» **DATASET CONTENT**
- Opening Delimiter -
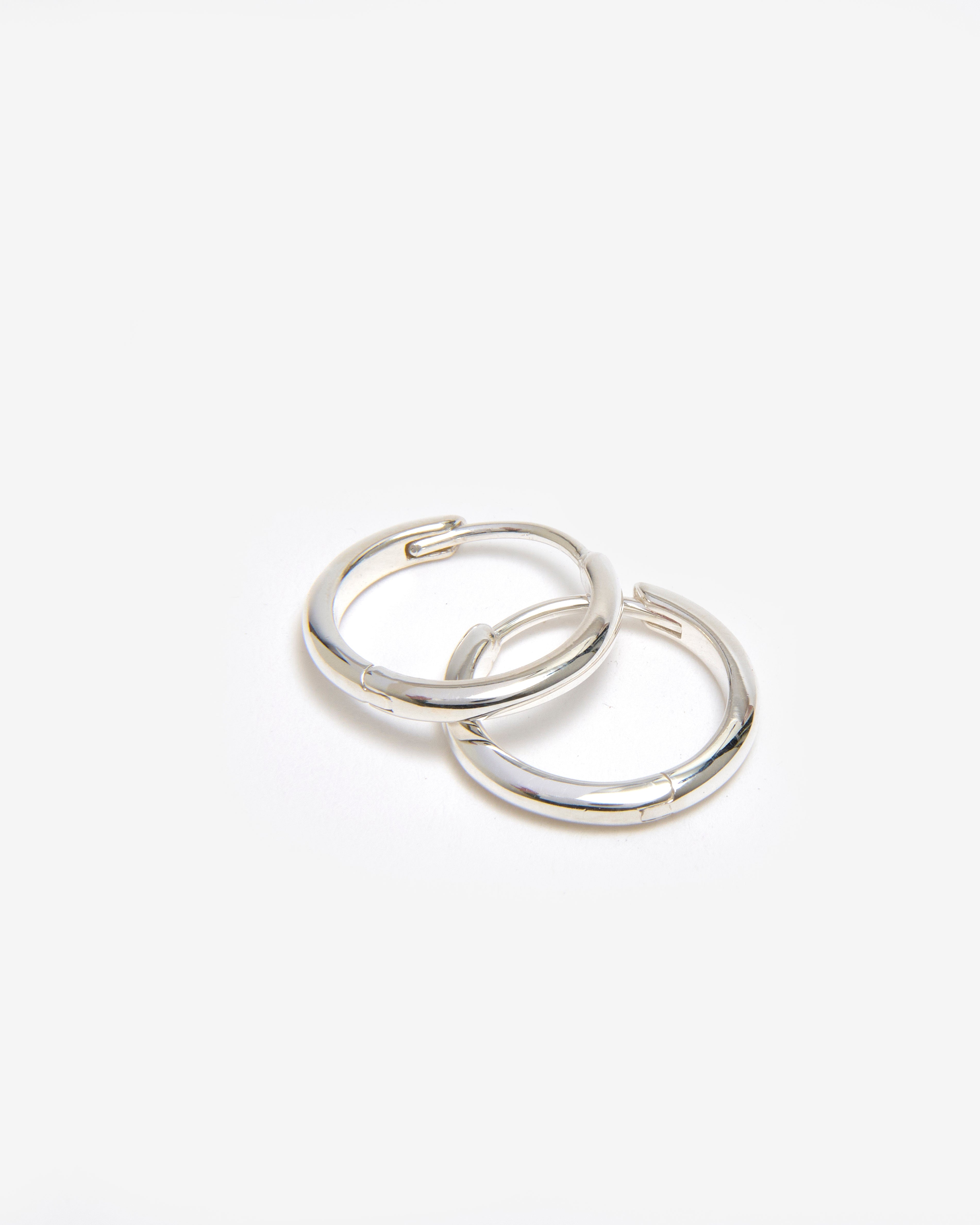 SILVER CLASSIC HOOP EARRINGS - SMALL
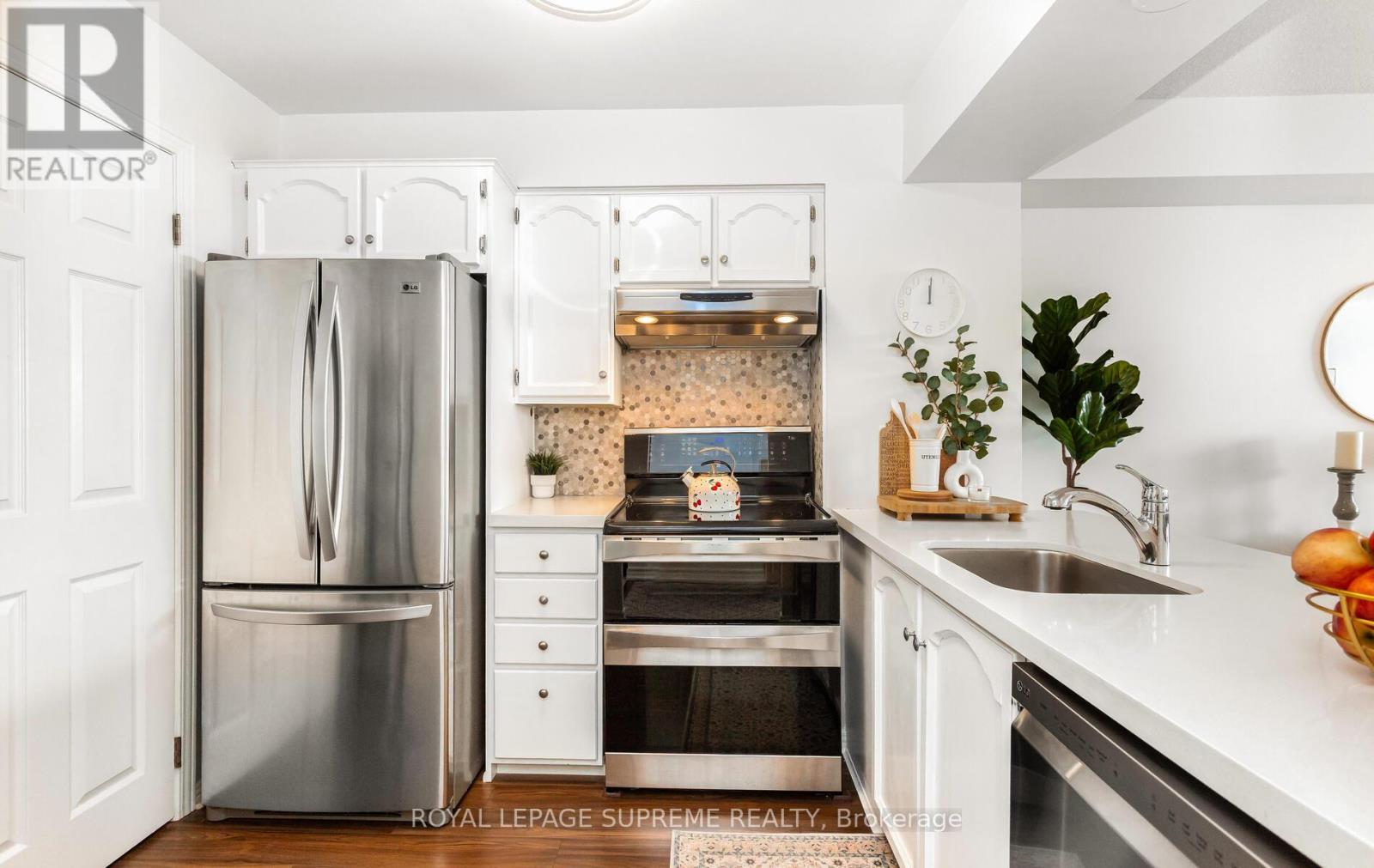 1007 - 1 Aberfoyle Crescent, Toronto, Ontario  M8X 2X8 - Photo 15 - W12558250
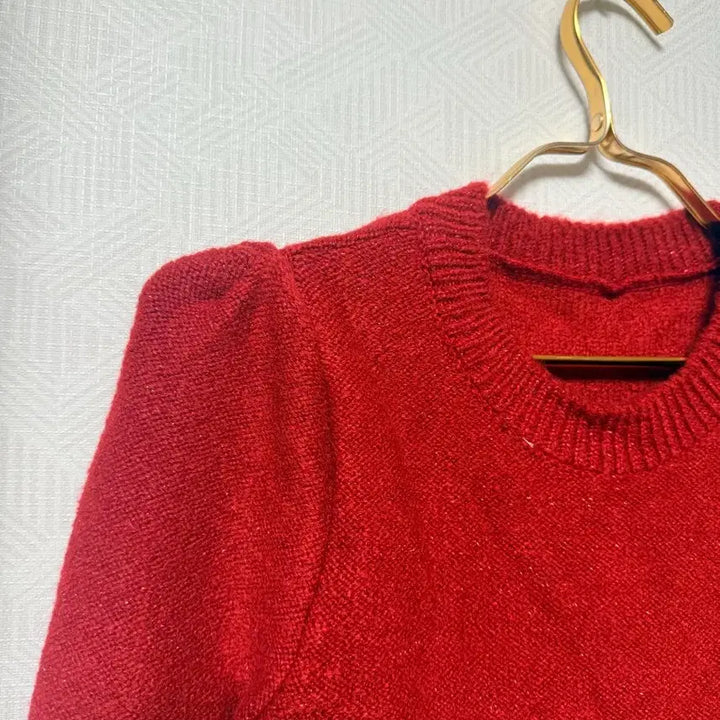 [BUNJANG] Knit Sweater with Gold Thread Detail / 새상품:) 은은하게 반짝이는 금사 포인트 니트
- Closing Delimiter -
» **ASSIGNMENT**
From the first line of the material to the last, retype everything exactly except the images.

» **WRITTEN ANSWER**
 SILVER CLASSIC HOOP EARRINGS - SMALL
 1007 - 1 Aberfoyle Crescent, Toronto, Ontario  M8X 2X8 - Photo 15 - W12558250
 [BUNJANG] Knit Sweater with Gold Thread Detail / 새상품:) 은은하게 반짝이는 금사 포인트 니트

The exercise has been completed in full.